Enter the School of Architecture and you may notice a subtle, black demarcation on the floor of the atrium. Traverse the stairs and you’ll find another precise curvature slicing through the second floor student lounge. Taehyung Kim is responsible for these contours, entitled Insertion which serve as a testing ground for his masters thesis. His investigations surround our phenomenological experience of space and in particular, challenge notions of ‘framing’ as discussed in architecture.
For this particular work Taehyung drew from his fascination with implied geometries. Insertion tests the implication of injecting a cylindrical volume within an open, multi-level space, not in it’s entirety but as fragments. His aspiration is to engage the subconscious through the gestalt effect, forming an imaginary volume within one’s mind. Observed independently, the mass of the volume is collapsed onto a two dimensional surface where the nature of the circle is explicit.
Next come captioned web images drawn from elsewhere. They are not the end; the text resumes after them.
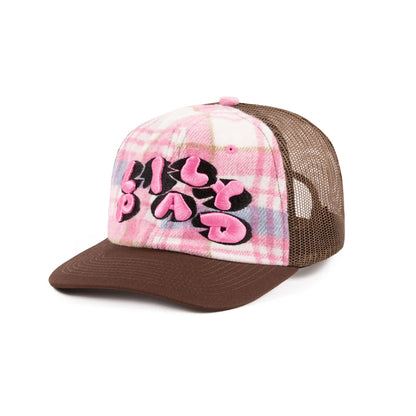 Lilypad Custom Unstructured Trucker Hat - Brown/Pink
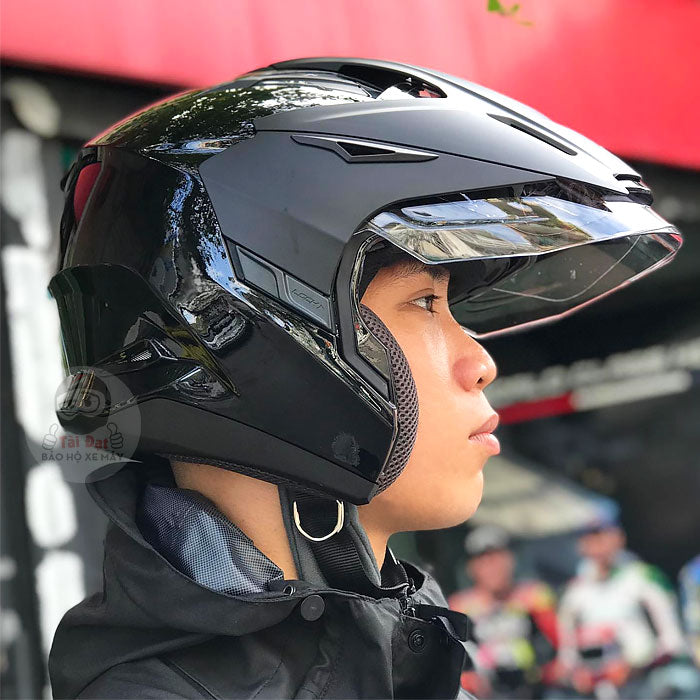 Mũ 3/4 Zeus 613 Đen bóng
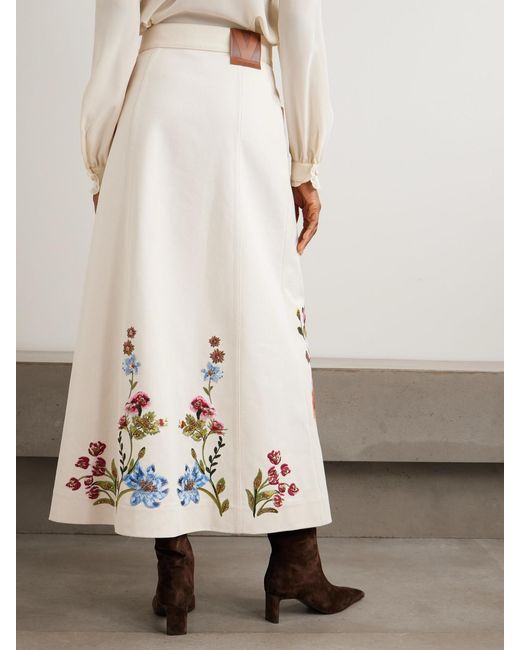 Valentino Garavani Natural Sequin-Embellished Embroidered Denim Maxi Skirt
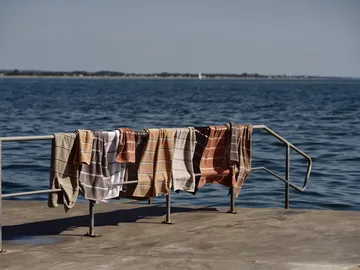 Sauna Håndkle - Eucalyptus-olive green-soft grey, 50x100 cm - Zone Denmark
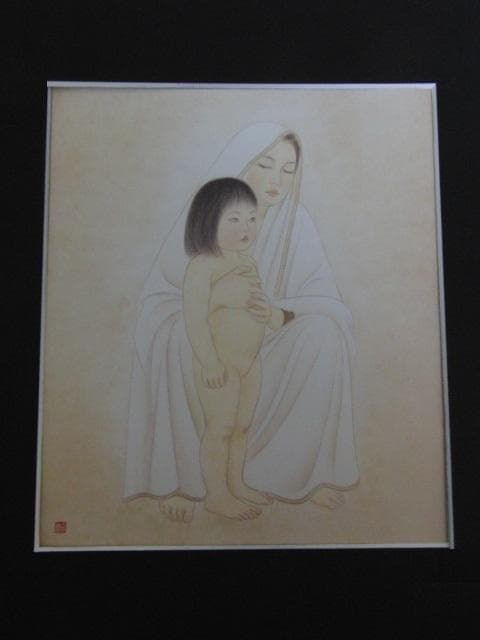 安田育代、【光風】、希少な額装用画集より、新品額装付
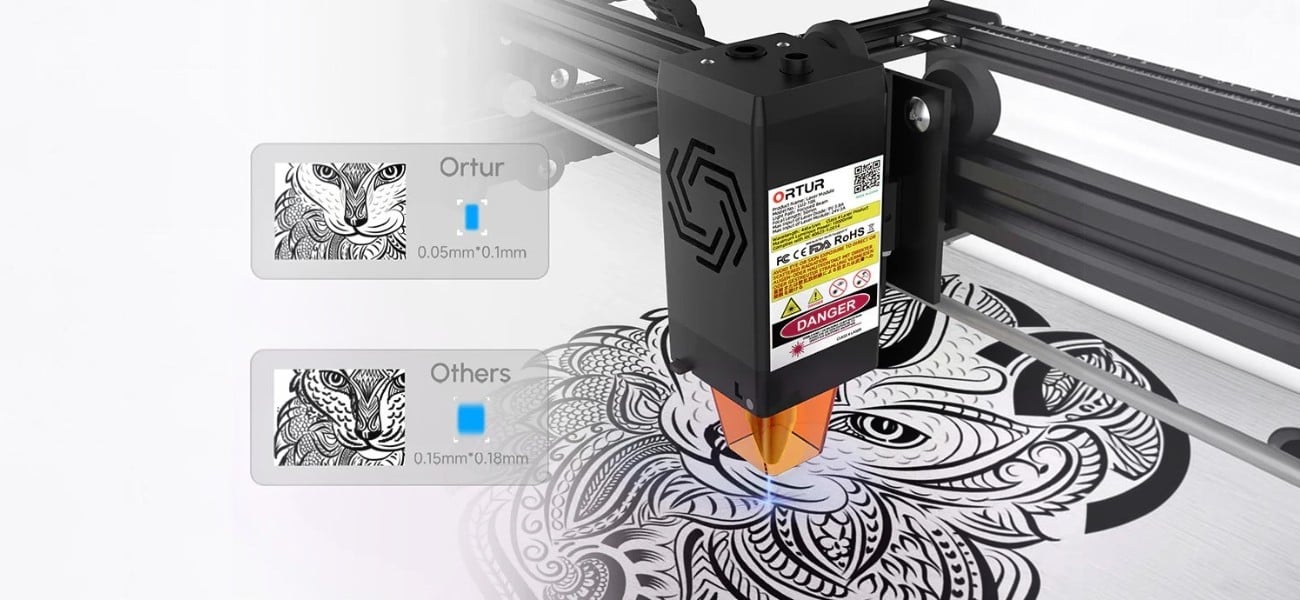 Ortur LU2-10A laser module with precise spot for detailed engraving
However, as each fragment is discovered, the implicit cylindrical volume within the space gradually formulates. Where the cylinder penetrates the elevator, the demarcation on the floor is neither at one level or another but instead sliding past, tracing the perimeter of the implied volume.
Insertion was not only an experience in spatial geometry but became an extensive material study is the capacity of tape. Simple mediums are inherently complex in their execution. If you look closely at Taehyung’s contours each is constructed with considerable precision, either through careful folding of a single strip or making of hundreds of incisions according to the surface properties.
The beginnings of his thesis are rooted in his M1 spent in Rome with Anne Bordeleau, discussing contemporaneity in time and architecture where he began a research on the notion of framing present in the 11th-14th c. western european medieval paintings. Precursor, a series of beautiful collages, evolved from these conversations and begin to dissect the ideologies of ‘framing’ within architecture. Promptly after completing Insertion, Taehyung departed for North Yorkshire, England where he is currently immersed in further field work at Rievaulx Abbey , an early 12th century Cistercian abbey which has fallen into glorious ruin. There he intends to conduct a series of studies amongst the historic structures through various modes of drawing. The studies will inform his thesis design work on the site and further the dialogue of preservation and interrogation of framing.
If you’re interested in Taehyung Kim’s thesis work, he cites the writings of Anne Carson, Juhani Pallasma, Georges Perec, and the architectural work of Carlo Scarpa, Peter Zumthor, Jun Igarashi and Raphael Moneo as points of inspiration. For further reading, he suggests Colin Rowe and Robert Slutzky’s Transparency: Literal and Phenomenal , Donald Kunze’s Atlas of Obverse, and Beatriz Colomina’s The Split Wall: Domestic Voyeurism.